Il résulte des articles 50 et 51 de la loi n° 91-647 du 10 juillet 1991 que le juge doit, dans l'intérêt d'une bonne administration de la justice, prononcer le retrait total de l'aide juridictionnelle accordée pour une requête lorsqu'il juge celle-ci abusive ou dilatoire.

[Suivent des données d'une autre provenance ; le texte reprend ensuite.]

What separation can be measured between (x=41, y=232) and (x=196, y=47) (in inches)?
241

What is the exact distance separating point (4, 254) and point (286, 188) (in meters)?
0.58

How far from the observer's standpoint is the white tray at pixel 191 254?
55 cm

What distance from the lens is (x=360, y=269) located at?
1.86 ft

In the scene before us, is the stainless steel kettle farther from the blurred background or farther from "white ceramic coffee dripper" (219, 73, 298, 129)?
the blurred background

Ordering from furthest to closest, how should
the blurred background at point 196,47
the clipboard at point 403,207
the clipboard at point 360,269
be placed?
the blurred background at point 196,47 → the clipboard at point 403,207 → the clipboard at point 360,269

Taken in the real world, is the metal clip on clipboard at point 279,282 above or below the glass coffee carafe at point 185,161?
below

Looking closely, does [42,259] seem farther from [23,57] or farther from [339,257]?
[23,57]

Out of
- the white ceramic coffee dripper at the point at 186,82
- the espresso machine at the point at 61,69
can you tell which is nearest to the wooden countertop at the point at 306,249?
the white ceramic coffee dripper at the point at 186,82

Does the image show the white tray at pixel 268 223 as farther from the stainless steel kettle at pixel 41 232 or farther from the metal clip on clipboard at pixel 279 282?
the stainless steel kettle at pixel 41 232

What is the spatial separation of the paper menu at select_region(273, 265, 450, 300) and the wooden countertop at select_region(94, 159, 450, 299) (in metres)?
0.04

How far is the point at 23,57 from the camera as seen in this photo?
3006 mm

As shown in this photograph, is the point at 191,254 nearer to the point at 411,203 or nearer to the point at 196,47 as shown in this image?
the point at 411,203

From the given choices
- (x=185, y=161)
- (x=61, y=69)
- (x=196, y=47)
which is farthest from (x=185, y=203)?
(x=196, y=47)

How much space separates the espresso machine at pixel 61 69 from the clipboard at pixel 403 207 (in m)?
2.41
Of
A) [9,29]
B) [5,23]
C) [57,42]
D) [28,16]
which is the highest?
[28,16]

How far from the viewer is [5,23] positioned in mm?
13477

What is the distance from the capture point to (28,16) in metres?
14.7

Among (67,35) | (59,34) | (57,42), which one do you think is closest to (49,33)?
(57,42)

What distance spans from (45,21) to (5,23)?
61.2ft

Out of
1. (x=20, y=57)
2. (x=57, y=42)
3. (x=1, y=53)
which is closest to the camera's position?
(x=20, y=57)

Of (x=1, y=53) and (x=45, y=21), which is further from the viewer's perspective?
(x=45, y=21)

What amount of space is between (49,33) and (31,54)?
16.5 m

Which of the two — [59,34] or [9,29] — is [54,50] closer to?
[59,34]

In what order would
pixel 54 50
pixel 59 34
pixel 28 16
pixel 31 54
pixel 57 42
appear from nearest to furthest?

Lorsqu'il est prononcé d'office, un tel retrait traduit la mise en œuvre d'un pouvoir propre du juge qui, lorsqu'il en fait usage, ne soulève pas d'office un moyen d'ordre public et n'est en conséquence pas de tenu de procéder à la communication prescrite par l'article R. 611-7 du Code de justice administrative (CJA).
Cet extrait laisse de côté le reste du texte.